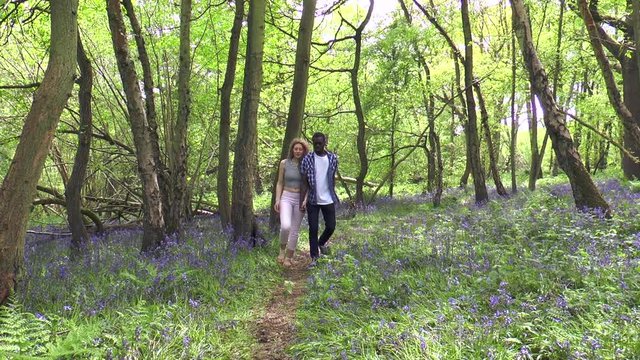 An attractive, casually dressed, interracial teenage couple holding hands while slowly walking through woods, surrounded by bluebells. England, UK.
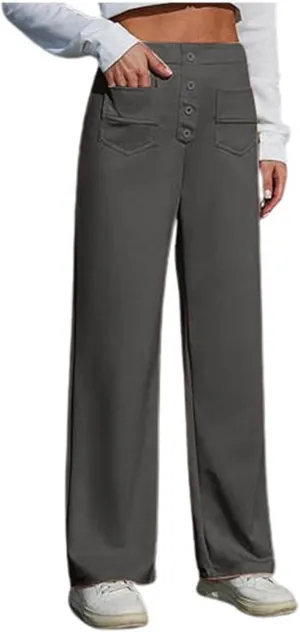 Womens Wide Leg Dress Pants Casual Dressy High Waist Work Pants Trendy Office Business Trousers with Pockets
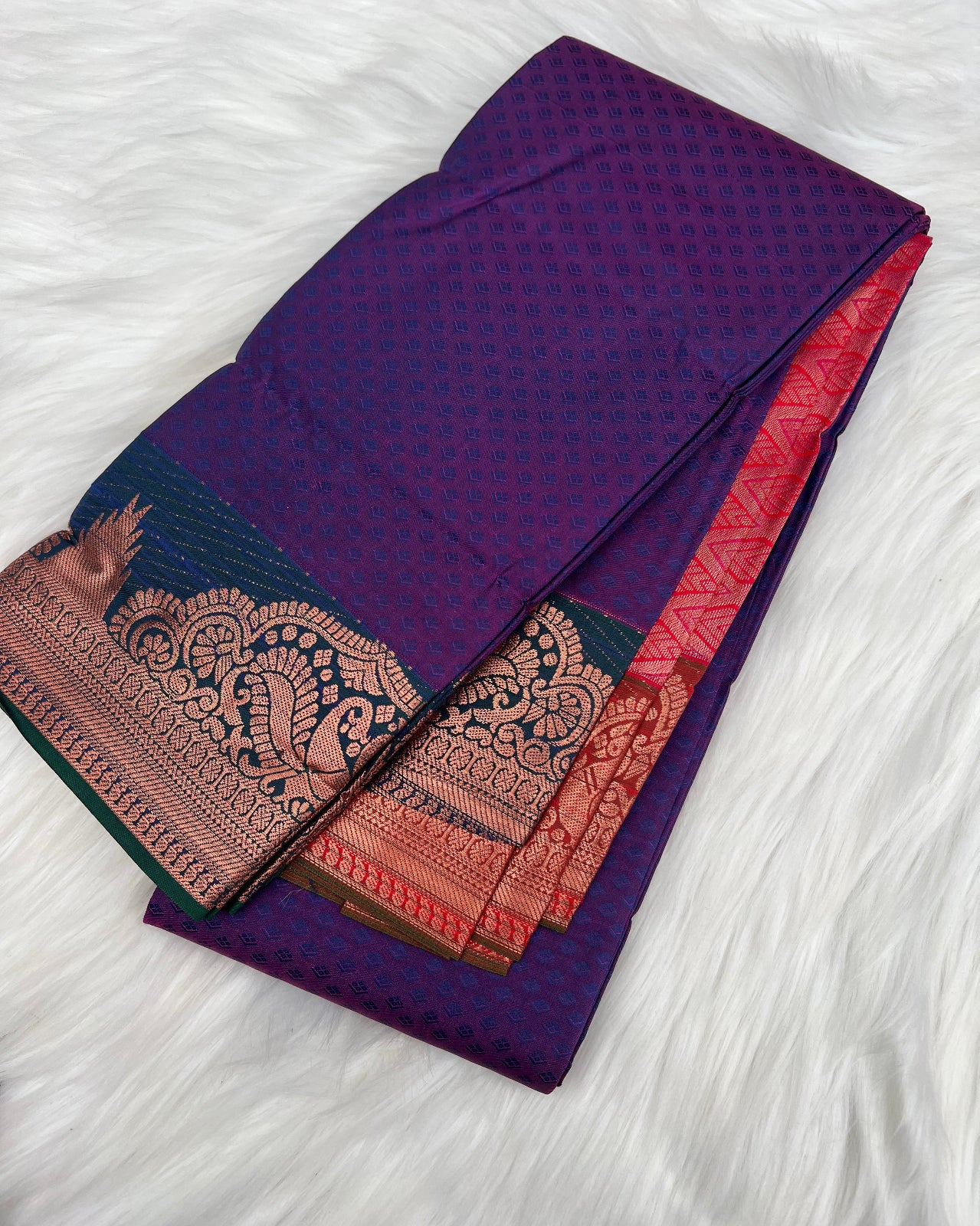 Dark Purple Semi-Silk Saree with Elegant Turning Border
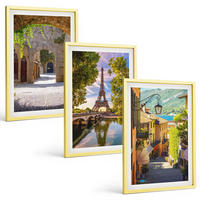 BILDER SET 3er Set - 40x60 cm Goldrahmen - Straßen der Eiffel-Architektur - Goldfarben, Kunststoff (40/60cm) - TULUP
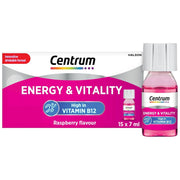 Centrum Energy & Vitality Vitamin B12 Liquid Shot, carton packaging with individual bottles, raspberry flavour, 15 x 7ml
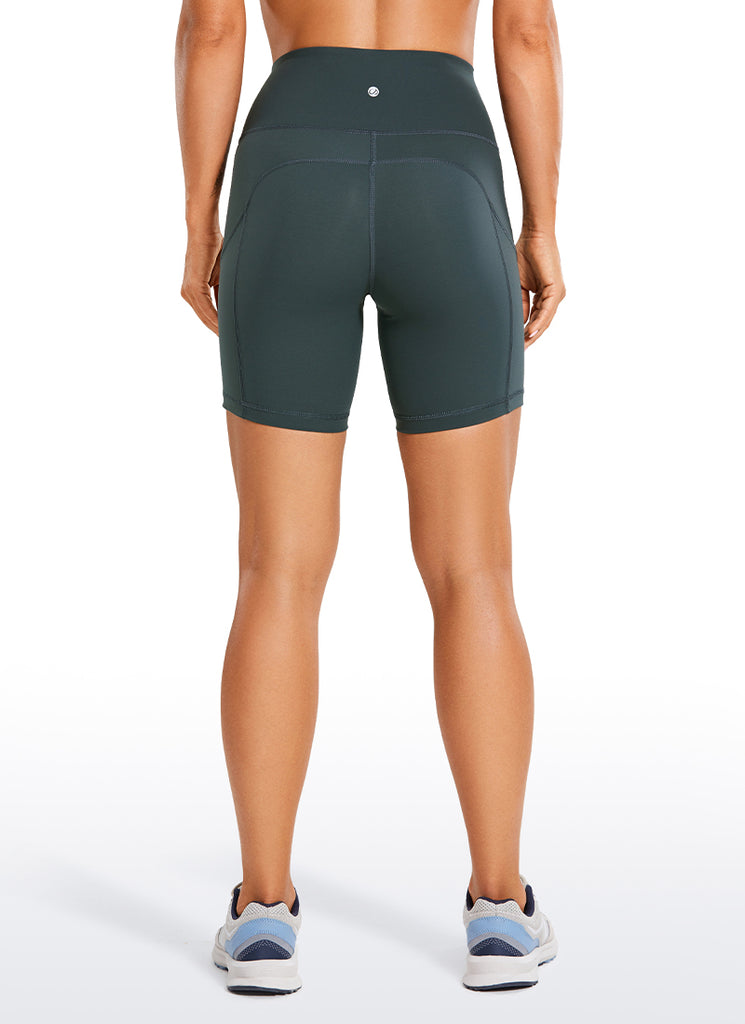 CRZ YOGA Women's Run High Rise Biker Nakedfeel Light Pocket Shorts 6'' Melanite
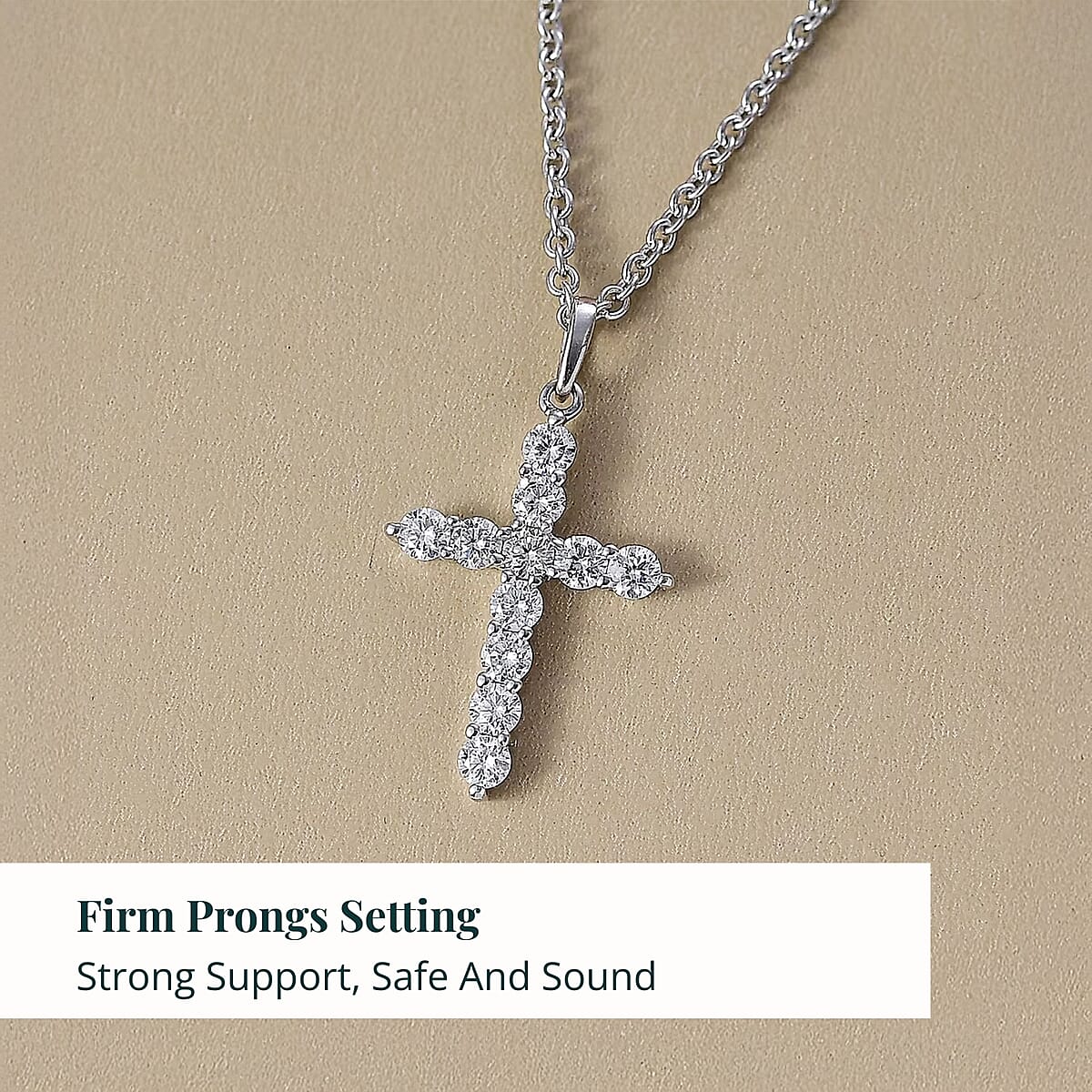 Doorbuster Luxuriant Lab Grown Diamond G-H SI 0.60 ctw Jesus Cross Pendant in 10K White Gold with Stainless Steel Necklace 20 Inches image number 4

→ **What is expected**
Could you write out the records again exactly, without any of their pictures?

→ **Expected answer**
 An attractive, casually dressed, interracial teenage couple holding hands while slowly walking through woods, surrounded by bluebells. England, UK.
 Womens Wide Leg Dress Pants Casual Dressy High Waist Work Pants Trendy Office Business Trousers with Pockets
 Dark Purple Semi-Silk Saree with Elegant Turning Border
 BILDER SET 3er Set - 40x60 cm Goldrahmen - Straßen der Eiffel-Architektur - Goldfarben, Kunststoff (40/60cm) - TULUP
 Centrum Energy & Vitality Vitamin B12 Liquid Shot, carton packaging with individual bottles, raspberry flavour, 15 x 7ml
 CRZ YOGA Women's Run High Rise Biker Nakedfeel Light Pocket Shorts 6'' Melanite
 Doorbuster Luxuriant Lab Grown Diamond G-H SI 0.60 ctw Jesus Cross Pendant in 10K White Gold with Stainless Steel Necklace 20 Inches image number 4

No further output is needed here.